If "size", or any other feature, is not constrained to a countable set of values (i.e., you can enumerate them like a list...although the list might be infinitely long), then you have a continuous rv.

You can certainly apply the K-S test here for generalized differences. Its easy for two samples, but if you are trying to test for general difference in 3+ distributions, you should use a computational approach:

  1. Your null hypothesis is $H_0: F_1=F_2....=F_N$ for distributions $F_i$ pertaining to your particular feature for each of $i=\{1...N\}$cases, each of size $n$
  2. Under the null, we can assume the the data from each case came from the same population or distribution, therefore, you will be combining your data into a single "bucket" for purposes of testing your hypothesis. Thus you will have one "null population" of size $N\times n$
  3. Here's the computational part:
  4. (a) Randomly sample with replacement from the "null population" to create N groups of size $n$. Let's call this new set of data a replication, designated $R_1$.
  5. (b) Find the largest vertical difference between the groups of empirical CDFs (similar to what you do with the 2 sample KS test, but you will now have to determine, for each value of your feature, the maximum value of the group of ECDFs and the minimum value of the ECDFs, then find the maximum value of the difference of these two values across all values of "size"), lets call this value $K_1$
  6. (c) Repeat this 1000 or so times using a computer (more if possible), to get 1000 $K$ values.
  7. (d) Now, calculate the $K$ value of your actual results (i.e, the actual N groups you observed), call this $K_a$
  8. Determine the number of $K$ values such that $K\geq K_a$ and divide by the total number of K values.
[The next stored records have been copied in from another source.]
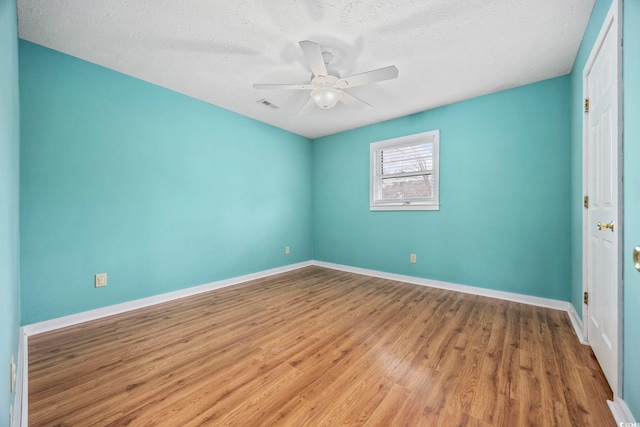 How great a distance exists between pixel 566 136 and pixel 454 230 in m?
1.50

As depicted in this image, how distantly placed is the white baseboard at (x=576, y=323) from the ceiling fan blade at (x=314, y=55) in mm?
2992

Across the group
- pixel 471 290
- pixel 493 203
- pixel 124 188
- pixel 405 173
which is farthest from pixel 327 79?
pixel 471 290

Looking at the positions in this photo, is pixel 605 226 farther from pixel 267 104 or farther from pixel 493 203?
pixel 267 104

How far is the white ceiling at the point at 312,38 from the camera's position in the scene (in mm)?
1754

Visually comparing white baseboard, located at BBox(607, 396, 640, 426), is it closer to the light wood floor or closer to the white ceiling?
the light wood floor

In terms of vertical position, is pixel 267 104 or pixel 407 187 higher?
pixel 267 104

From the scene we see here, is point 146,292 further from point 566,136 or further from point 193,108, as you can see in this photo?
point 566,136

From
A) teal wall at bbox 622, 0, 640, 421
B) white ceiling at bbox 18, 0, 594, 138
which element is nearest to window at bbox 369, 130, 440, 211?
white ceiling at bbox 18, 0, 594, 138

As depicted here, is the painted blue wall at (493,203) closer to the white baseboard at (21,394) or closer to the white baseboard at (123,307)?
the white baseboard at (123,307)

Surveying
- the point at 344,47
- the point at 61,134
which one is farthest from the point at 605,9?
the point at 61,134

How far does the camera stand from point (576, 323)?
7.09ft

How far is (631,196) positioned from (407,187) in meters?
2.70

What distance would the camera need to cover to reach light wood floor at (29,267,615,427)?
1.24 metres

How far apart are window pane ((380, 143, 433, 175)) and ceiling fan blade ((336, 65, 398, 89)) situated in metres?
1.83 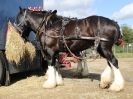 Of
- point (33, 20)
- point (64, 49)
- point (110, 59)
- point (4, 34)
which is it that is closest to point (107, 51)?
point (110, 59)

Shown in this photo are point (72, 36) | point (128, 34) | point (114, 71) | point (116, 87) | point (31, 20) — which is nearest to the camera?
point (116, 87)

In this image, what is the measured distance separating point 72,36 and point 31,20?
159 cm

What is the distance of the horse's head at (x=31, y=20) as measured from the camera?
1252 centimetres

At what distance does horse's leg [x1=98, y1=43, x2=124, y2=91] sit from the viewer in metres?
11.1

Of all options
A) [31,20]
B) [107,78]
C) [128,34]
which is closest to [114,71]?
[107,78]

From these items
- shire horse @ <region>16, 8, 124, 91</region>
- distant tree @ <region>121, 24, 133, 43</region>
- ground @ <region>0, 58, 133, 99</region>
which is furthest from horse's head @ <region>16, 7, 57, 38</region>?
distant tree @ <region>121, 24, 133, 43</region>

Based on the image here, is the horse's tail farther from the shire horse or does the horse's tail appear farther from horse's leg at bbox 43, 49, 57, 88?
horse's leg at bbox 43, 49, 57, 88

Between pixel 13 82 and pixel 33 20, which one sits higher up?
pixel 33 20

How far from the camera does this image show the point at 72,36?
466 inches

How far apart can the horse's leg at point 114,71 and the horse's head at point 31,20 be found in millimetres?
2018

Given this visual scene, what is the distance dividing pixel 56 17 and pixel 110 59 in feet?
7.42

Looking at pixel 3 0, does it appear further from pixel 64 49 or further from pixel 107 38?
pixel 107 38

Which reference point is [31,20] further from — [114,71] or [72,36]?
[114,71]

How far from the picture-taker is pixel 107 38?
11.3m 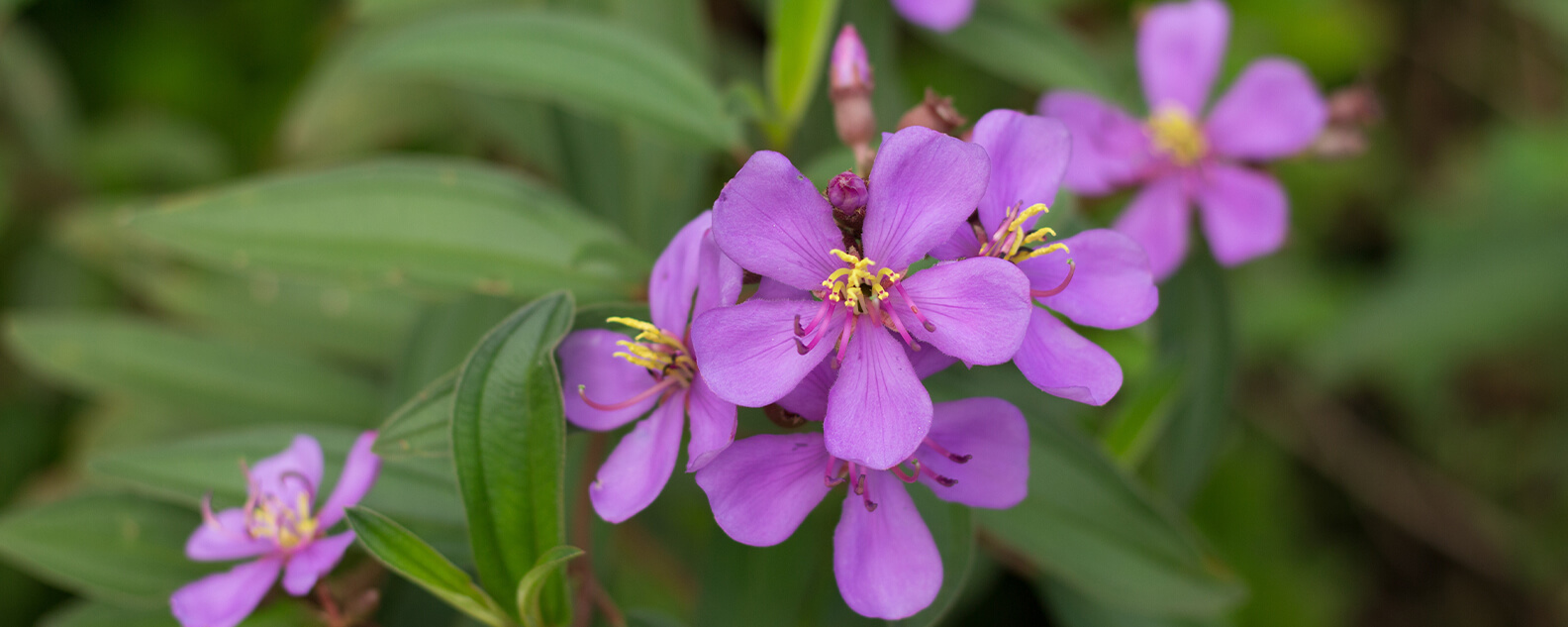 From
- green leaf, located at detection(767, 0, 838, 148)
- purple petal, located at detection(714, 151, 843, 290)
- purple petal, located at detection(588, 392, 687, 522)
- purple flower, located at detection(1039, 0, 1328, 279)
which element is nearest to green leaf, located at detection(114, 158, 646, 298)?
green leaf, located at detection(767, 0, 838, 148)

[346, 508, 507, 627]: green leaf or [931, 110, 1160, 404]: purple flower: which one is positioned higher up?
[931, 110, 1160, 404]: purple flower

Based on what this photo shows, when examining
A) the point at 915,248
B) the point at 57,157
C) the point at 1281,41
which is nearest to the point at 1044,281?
the point at 915,248

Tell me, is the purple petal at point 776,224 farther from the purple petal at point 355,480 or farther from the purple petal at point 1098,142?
the purple petal at point 1098,142

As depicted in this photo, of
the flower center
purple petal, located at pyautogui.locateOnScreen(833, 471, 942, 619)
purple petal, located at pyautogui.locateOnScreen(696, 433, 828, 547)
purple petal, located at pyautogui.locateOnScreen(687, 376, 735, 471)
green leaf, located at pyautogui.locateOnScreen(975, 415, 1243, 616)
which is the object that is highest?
the flower center

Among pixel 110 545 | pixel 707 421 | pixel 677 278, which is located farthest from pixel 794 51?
pixel 110 545

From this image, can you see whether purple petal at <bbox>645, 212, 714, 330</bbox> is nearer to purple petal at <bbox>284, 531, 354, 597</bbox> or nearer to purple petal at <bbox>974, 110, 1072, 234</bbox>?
purple petal at <bbox>974, 110, 1072, 234</bbox>

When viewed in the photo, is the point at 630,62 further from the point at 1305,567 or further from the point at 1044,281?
the point at 1305,567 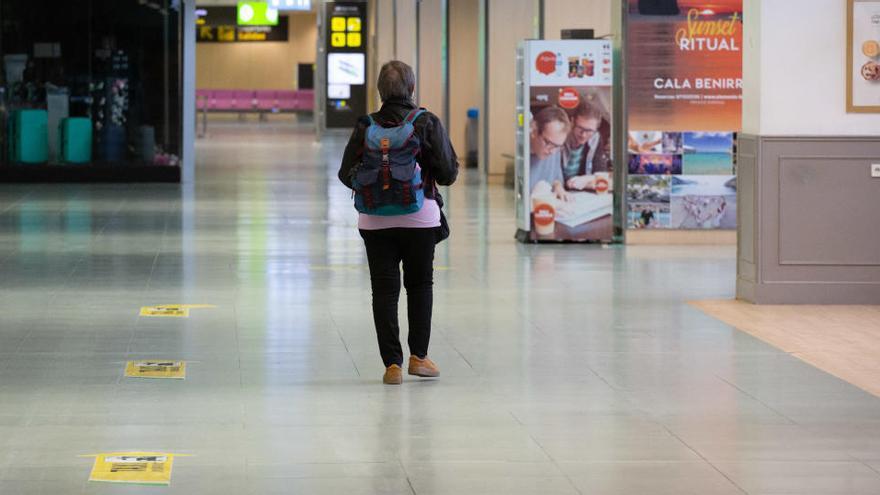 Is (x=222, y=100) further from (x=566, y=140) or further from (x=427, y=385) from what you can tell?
(x=427, y=385)

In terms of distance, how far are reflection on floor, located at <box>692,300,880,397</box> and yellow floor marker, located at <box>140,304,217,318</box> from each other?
2.98 m

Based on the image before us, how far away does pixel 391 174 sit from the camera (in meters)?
6.54

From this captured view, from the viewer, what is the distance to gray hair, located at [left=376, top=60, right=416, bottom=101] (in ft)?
21.9

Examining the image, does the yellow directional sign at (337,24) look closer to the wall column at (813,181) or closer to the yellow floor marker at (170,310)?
the wall column at (813,181)

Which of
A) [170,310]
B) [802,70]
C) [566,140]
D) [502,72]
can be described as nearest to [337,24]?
[502,72]

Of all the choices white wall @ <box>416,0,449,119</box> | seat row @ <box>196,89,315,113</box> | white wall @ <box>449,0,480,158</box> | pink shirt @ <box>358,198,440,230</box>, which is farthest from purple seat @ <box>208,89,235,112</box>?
pink shirt @ <box>358,198,440,230</box>

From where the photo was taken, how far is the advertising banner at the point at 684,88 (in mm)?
12859

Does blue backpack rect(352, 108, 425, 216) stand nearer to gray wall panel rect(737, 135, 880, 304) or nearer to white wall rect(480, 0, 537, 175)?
gray wall panel rect(737, 135, 880, 304)

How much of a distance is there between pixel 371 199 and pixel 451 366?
3.22 ft

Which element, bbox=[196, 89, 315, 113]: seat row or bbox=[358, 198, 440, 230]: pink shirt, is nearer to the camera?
bbox=[358, 198, 440, 230]: pink shirt

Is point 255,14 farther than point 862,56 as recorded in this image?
Yes

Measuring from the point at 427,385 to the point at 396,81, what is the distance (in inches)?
51.4

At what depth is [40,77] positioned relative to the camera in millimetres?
21391

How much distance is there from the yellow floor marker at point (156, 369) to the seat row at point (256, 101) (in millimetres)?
42245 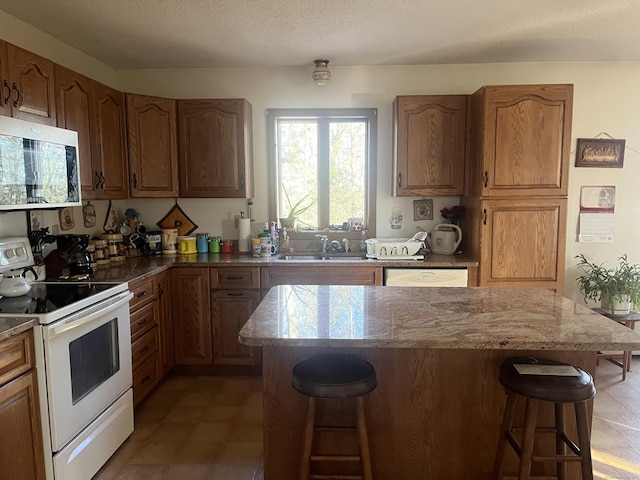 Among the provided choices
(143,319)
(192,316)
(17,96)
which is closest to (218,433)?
(143,319)

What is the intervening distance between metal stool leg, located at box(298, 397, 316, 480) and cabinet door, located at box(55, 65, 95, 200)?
209cm

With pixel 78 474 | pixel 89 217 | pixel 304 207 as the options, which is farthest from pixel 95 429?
pixel 304 207

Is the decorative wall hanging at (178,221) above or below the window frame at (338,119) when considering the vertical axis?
below

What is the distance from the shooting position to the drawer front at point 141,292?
8.85 ft

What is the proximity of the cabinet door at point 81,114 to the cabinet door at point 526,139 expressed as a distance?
270 cm

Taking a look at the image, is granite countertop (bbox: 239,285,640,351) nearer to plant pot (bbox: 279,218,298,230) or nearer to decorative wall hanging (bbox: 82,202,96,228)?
plant pot (bbox: 279,218,298,230)

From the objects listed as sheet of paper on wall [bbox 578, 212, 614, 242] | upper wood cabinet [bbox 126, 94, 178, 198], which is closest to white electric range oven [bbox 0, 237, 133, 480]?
upper wood cabinet [bbox 126, 94, 178, 198]

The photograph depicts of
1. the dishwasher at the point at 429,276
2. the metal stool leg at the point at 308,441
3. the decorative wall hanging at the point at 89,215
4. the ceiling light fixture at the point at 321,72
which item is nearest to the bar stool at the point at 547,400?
the metal stool leg at the point at 308,441

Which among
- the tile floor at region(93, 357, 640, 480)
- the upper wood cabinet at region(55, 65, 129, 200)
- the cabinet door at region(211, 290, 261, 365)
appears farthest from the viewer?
the cabinet door at region(211, 290, 261, 365)

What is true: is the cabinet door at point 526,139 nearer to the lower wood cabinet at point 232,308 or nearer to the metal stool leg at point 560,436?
the metal stool leg at point 560,436

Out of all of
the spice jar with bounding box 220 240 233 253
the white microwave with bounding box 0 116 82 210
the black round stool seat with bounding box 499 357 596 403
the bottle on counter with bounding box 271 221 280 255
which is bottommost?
the black round stool seat with bounding box 499 357 596 403

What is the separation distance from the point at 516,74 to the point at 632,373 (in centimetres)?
256

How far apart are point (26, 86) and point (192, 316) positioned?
1825mm

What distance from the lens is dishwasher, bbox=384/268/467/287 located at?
3205mm
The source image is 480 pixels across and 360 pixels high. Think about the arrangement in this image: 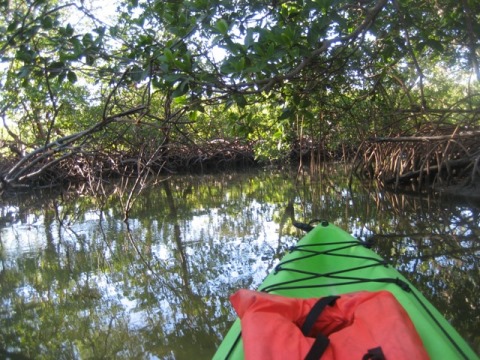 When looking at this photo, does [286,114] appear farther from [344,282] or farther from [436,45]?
[344,282]

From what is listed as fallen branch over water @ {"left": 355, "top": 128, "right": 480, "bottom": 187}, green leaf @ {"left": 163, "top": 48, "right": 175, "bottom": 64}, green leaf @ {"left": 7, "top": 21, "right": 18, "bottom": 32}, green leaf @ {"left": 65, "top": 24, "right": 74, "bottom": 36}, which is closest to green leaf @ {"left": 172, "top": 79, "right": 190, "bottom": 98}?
green leaf @ {"left": 163, "top": 48, "right": 175, "bottom": 64}

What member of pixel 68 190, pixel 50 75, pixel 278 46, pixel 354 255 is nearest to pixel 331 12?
pixel 278 46

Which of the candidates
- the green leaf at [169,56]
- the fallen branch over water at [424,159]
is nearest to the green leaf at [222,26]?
the green leaf at [169,56]

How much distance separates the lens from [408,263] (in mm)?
3449

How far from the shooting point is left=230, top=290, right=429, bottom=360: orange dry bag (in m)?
1.32

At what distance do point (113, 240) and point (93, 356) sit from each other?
2757 millimetres

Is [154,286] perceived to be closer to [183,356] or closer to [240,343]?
[183,356]

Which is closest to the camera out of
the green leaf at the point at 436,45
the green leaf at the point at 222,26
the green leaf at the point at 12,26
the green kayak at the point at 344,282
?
the green kayak at the point at 344,282

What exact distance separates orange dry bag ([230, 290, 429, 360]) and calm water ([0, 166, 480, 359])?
826mm

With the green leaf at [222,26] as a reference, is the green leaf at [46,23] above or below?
above

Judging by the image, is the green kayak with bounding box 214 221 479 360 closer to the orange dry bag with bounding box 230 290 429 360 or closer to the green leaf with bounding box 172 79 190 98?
the orange dry bag with bounding box 230 290 429 360

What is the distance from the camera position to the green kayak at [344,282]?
5.06 feet

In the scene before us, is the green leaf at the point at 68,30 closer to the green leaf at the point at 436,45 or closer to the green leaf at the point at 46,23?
the green leaf at the point at 46,23

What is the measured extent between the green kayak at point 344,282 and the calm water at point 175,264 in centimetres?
53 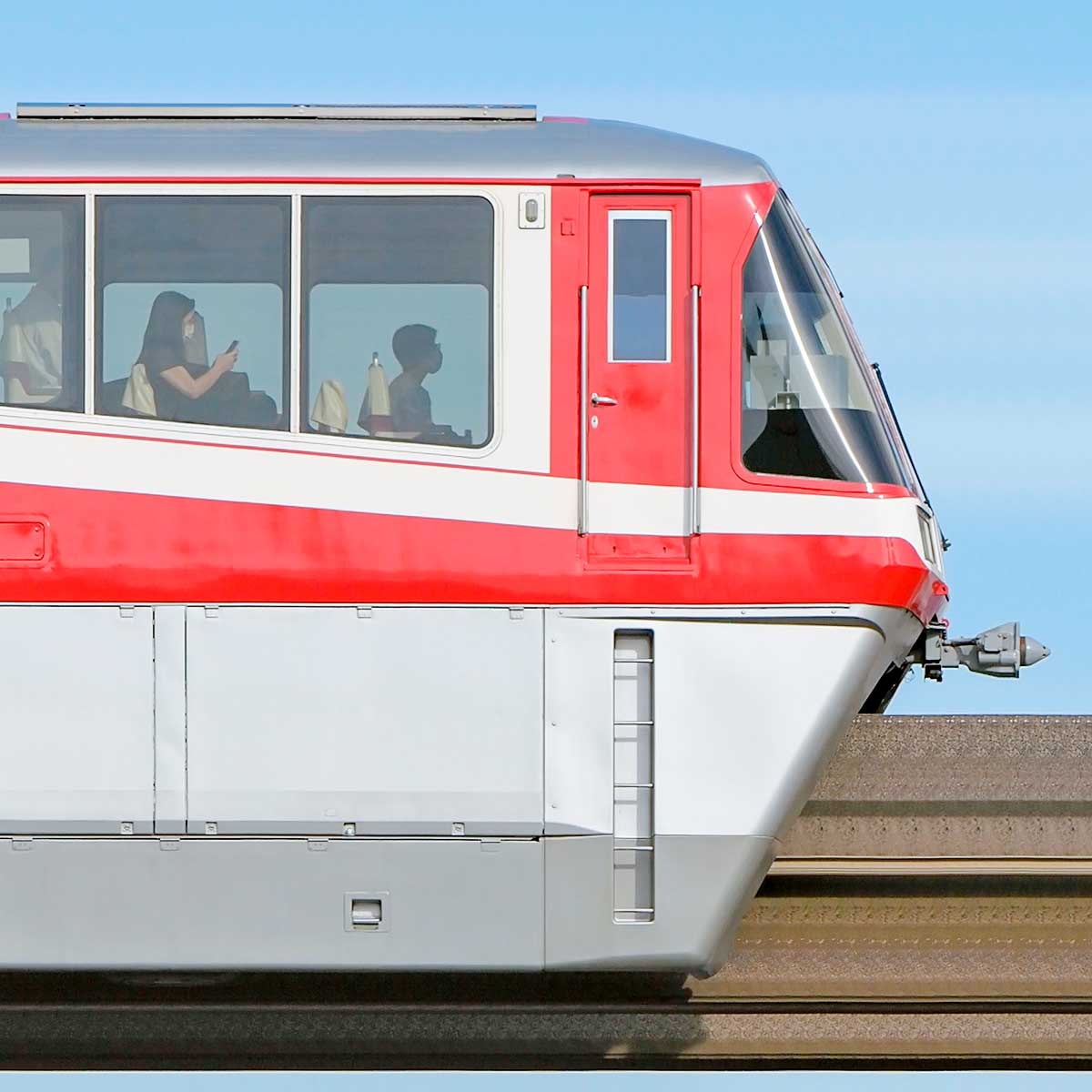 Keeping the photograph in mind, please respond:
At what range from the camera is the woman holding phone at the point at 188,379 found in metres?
6.45

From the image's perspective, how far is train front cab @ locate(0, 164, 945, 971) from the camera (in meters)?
6.29

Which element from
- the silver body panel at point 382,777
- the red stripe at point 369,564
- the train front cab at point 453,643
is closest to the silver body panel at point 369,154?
the train front cab at point 453,643

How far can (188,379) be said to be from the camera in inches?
256

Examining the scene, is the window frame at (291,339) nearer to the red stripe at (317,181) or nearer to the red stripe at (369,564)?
the red stripe at (317,181)

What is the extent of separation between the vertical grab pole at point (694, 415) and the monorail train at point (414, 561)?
2 centimetres

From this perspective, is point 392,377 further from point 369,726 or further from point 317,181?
point 369,726

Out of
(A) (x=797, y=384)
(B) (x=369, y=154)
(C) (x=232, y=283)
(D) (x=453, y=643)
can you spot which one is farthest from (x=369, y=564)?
(A) (x=797, y=384)

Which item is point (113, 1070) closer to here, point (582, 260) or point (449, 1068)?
point (449, 1068)

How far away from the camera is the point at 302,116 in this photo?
689 cm

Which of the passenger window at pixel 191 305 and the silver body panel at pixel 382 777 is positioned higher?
the passenger window at pixel 191 305

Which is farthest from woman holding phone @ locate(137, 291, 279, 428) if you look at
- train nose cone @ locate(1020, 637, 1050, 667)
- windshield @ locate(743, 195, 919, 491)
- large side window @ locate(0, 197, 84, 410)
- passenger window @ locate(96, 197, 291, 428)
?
train nose cone @ locate(1020, 637, 1050, 667)

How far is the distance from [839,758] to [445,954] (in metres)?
1.93

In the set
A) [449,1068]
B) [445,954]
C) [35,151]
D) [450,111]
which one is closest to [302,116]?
[450,111]

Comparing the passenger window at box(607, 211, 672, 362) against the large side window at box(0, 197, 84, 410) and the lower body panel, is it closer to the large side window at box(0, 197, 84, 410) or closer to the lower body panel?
the lower body panel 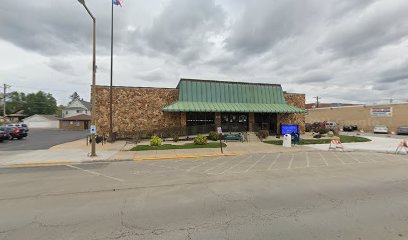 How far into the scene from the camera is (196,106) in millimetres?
22578

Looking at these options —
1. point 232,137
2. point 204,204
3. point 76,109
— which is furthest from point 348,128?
point 76,109

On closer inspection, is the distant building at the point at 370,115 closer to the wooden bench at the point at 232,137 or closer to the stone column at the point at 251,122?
the stone column at the point at 251,122

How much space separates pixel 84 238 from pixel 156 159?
28.8 ft

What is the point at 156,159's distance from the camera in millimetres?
12812

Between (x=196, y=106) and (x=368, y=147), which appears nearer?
(x=368, y=147)

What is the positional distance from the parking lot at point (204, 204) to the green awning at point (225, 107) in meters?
12.2

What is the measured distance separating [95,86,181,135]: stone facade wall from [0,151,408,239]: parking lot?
1286 centimetres

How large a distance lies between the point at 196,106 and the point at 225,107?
10.2 ft

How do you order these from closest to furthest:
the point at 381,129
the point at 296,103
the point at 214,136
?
1. the point at 214,136
2. the point at 296,103
3. the point at 381,129

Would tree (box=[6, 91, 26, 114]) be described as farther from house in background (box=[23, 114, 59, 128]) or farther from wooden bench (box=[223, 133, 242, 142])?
wooden bench (box=[223, 133, 242, 142])

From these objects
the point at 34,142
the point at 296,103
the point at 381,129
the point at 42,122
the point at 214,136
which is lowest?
the point at 34,142

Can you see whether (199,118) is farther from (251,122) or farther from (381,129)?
(381,129)

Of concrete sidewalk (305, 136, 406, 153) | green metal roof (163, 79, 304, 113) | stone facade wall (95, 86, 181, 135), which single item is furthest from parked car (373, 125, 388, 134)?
stone facade wall (95, 86, 181, 135)

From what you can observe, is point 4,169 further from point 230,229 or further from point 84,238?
point 230,229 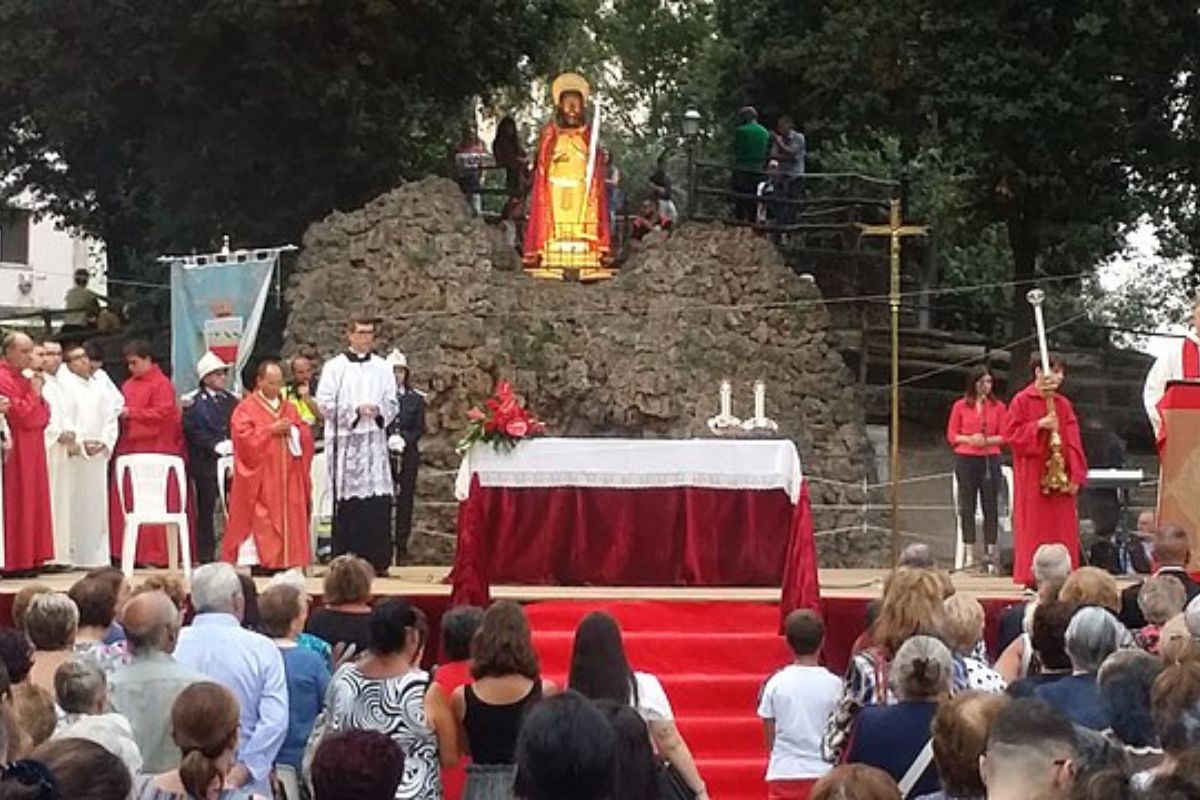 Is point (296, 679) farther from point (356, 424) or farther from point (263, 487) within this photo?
point (263, 487)

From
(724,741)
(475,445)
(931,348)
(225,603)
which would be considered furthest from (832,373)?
(225,603)

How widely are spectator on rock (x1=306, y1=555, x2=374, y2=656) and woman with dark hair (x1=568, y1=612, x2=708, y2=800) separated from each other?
213 cm

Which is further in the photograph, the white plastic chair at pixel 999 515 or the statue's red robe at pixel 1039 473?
the white plastic chair at pixel 999 515

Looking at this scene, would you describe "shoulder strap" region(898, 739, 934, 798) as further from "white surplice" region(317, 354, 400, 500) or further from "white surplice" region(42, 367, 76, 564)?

This is the $p$-value of your test. Treat it as any other $p$-value.

As you can see, this is a relatively straightforward test (formally called a resampling or Bootstrap hypothesis test), that substitutes intensive calculation for complex (often intractable) mathematics. It is also flexible, since you can easily adapt to varying numbers of samples, varying sample sizes, etc.